[The problem]
Extract the full listing verbatim and drop any pictures from your copy.

[Information supplied]
-=-=-=-=-

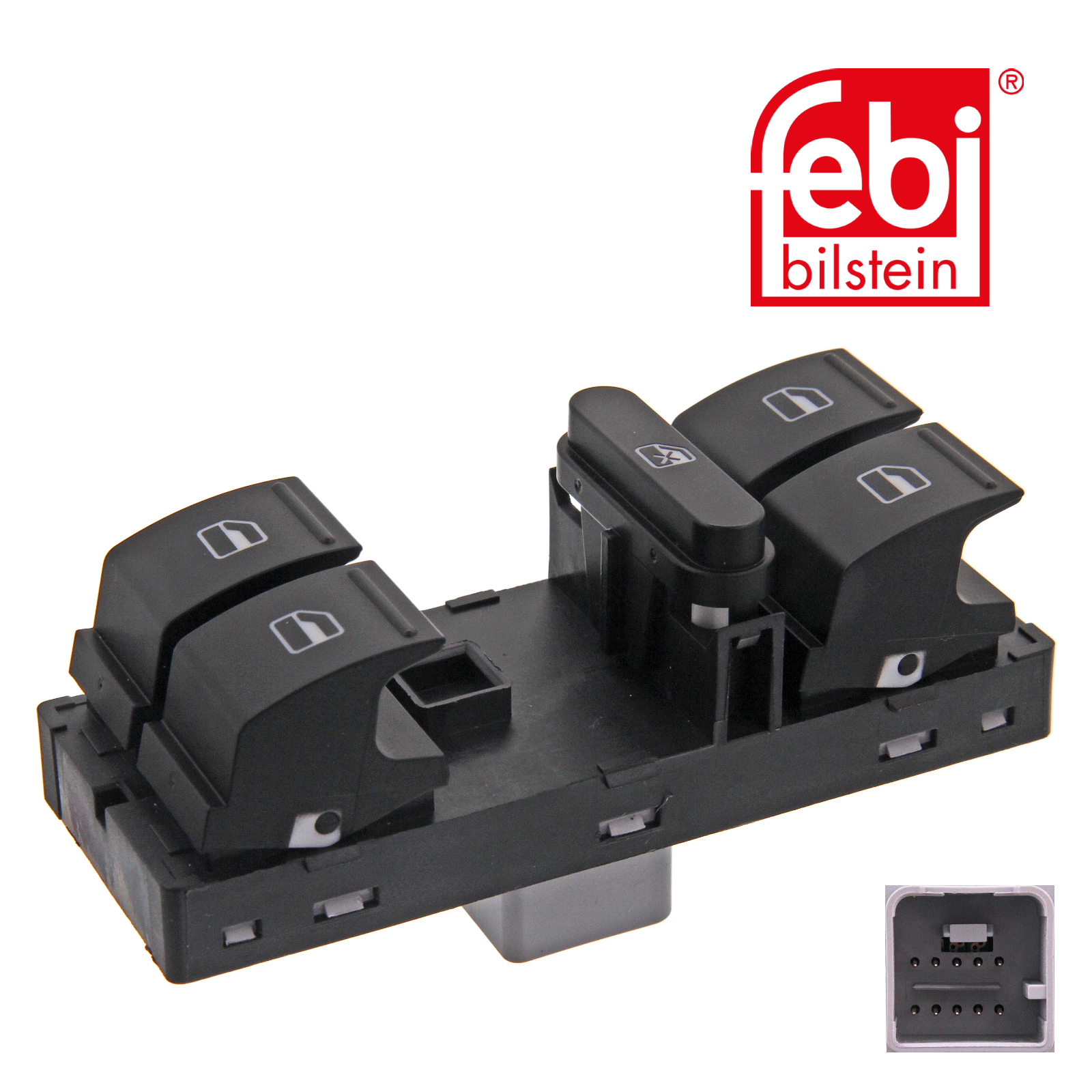 Febi Multi-Function Switch Driver side 10 Connectors 37489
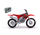 Honda CRF 450R - 1:18 - Bburago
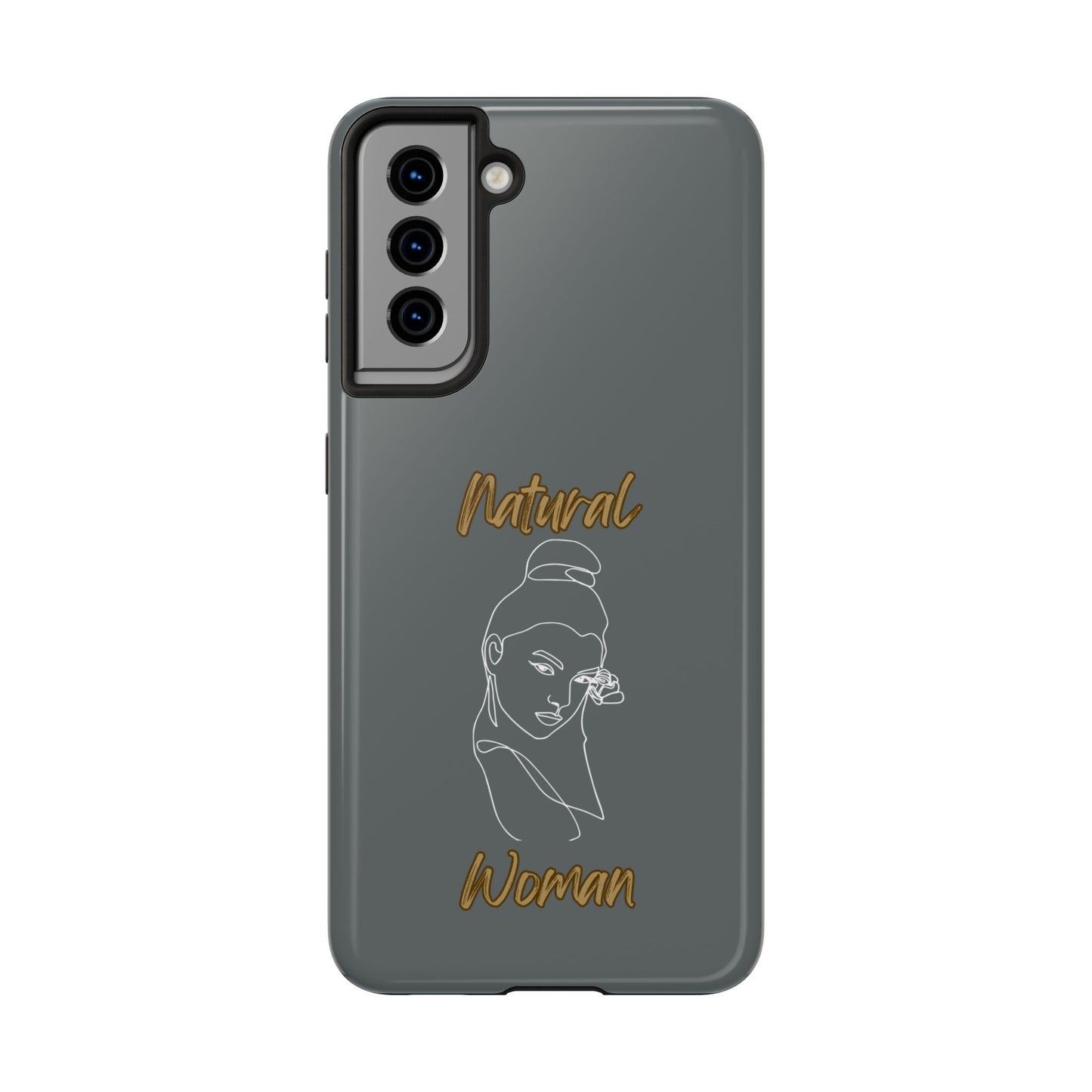 Natural Woman Sassy Bun (WL) Tough Phone Cases DARK GREY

-=-=-=-=-

[Task output]
 Febi Multi-Function Switch Driver side 10 Connectors 37489
 Honda CRF 450R - 1:18 - Bburago
 Natural Woman Sassy Bun (WL) Tough Phone Cases DARK GREY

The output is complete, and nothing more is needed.